Leave the pictures aside. Retype exactly the lines from the top of the data below through the one holding "Icetech Azizbey 60".
[Data supplied Boundary: Start]
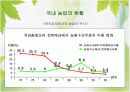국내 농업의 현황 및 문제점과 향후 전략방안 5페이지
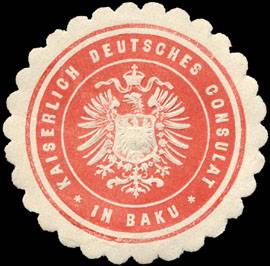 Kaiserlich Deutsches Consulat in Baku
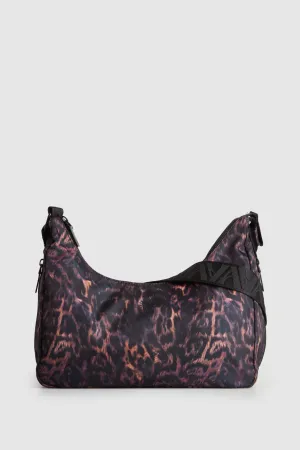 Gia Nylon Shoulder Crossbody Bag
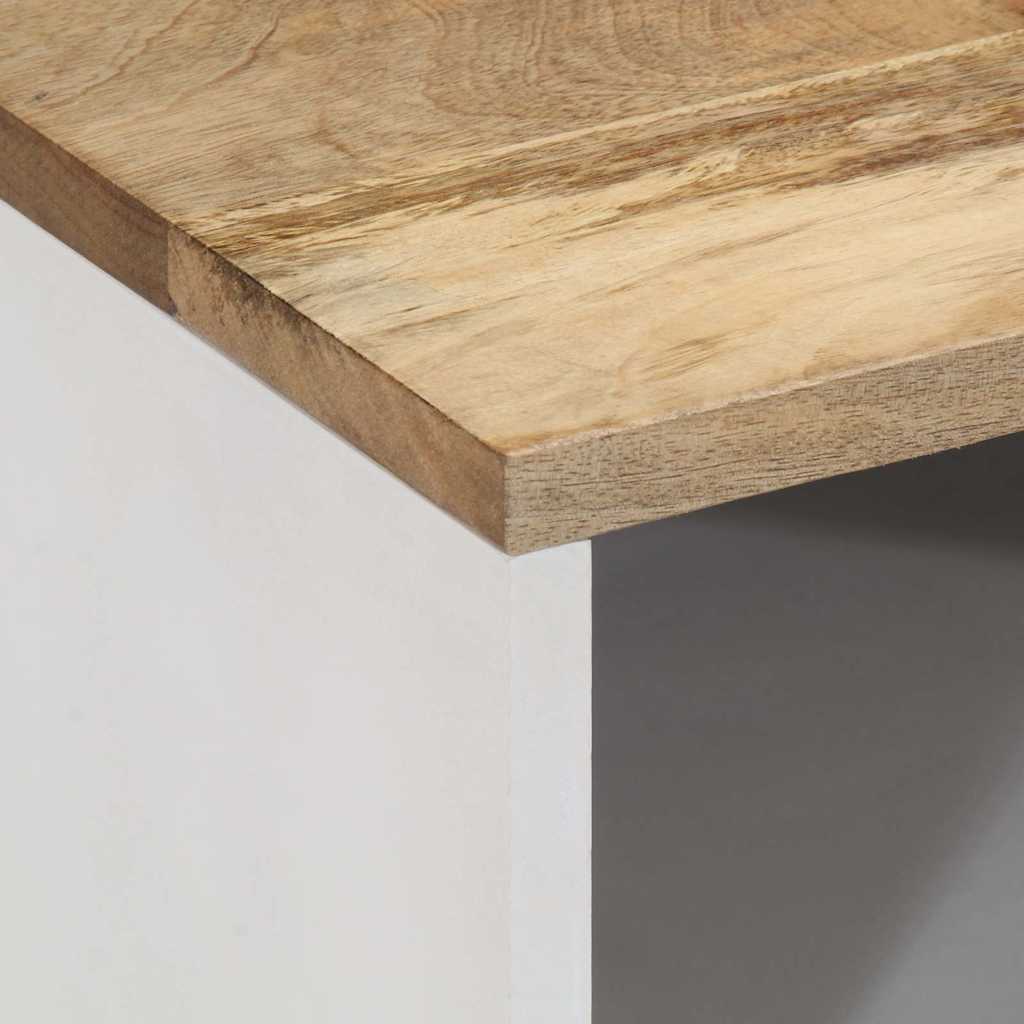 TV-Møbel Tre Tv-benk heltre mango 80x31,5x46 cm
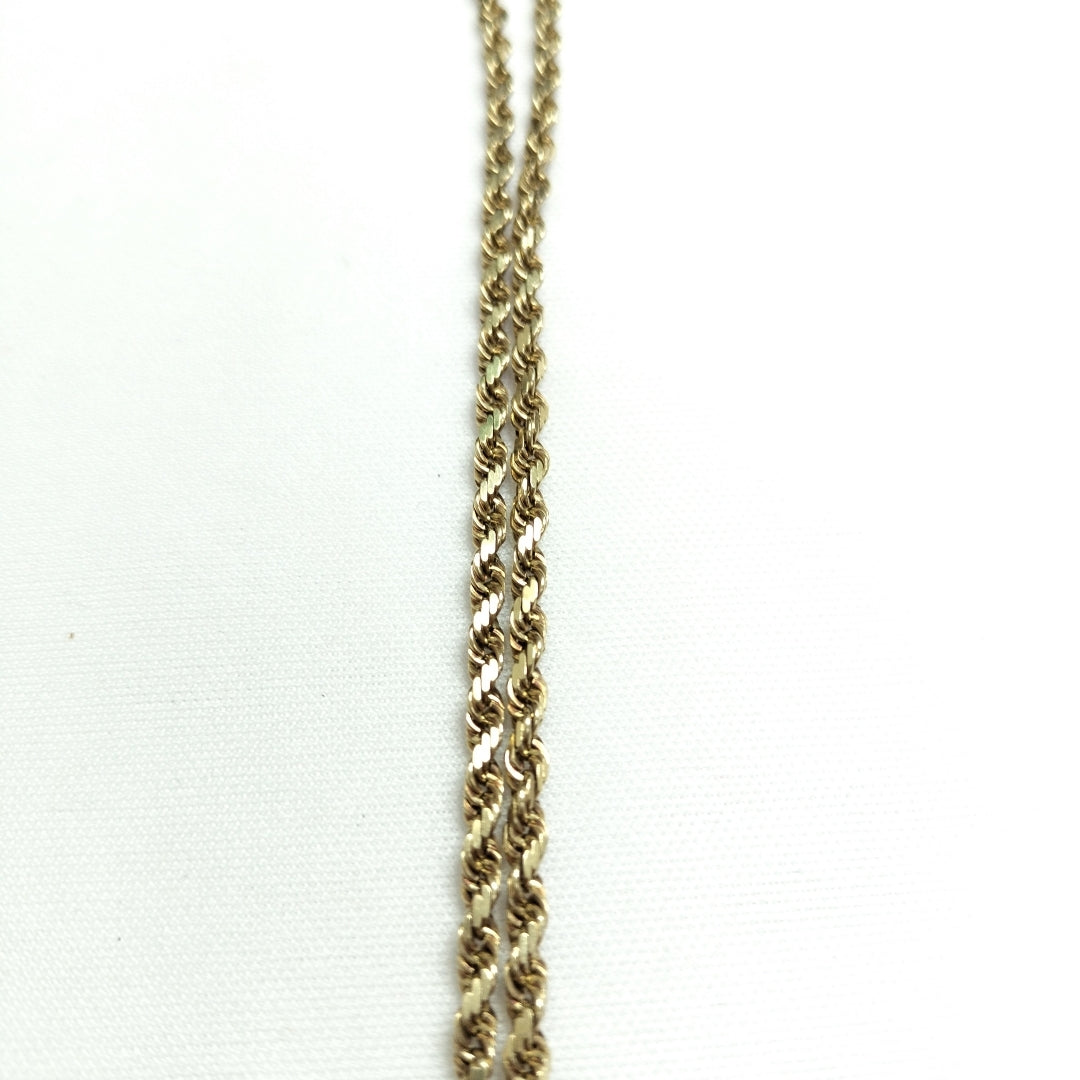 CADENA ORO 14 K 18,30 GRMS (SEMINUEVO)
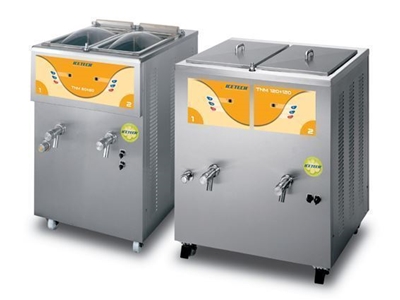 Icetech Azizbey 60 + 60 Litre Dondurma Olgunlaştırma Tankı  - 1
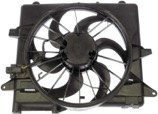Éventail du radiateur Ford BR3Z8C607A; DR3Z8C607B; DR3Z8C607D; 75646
[Data supplied Boundary: End]
## Finished task:
국내 농업의 현황 및 문제점과 향후 전략방안 5페이지
 Kaiserlich Deutsches Consulat in Baku
 Gia Nylon Shoulder Crossbody Bag
 TV-Møbel Tre Tv-benk heltre mango 80x31,5x46 cm
 CADENA ORO 14 K 18,30 GRMS (SEMINUEVO)
 Icetech Azizbey 60 + 60 Litre Dondurma Olgunlaştırma Tankı  - 1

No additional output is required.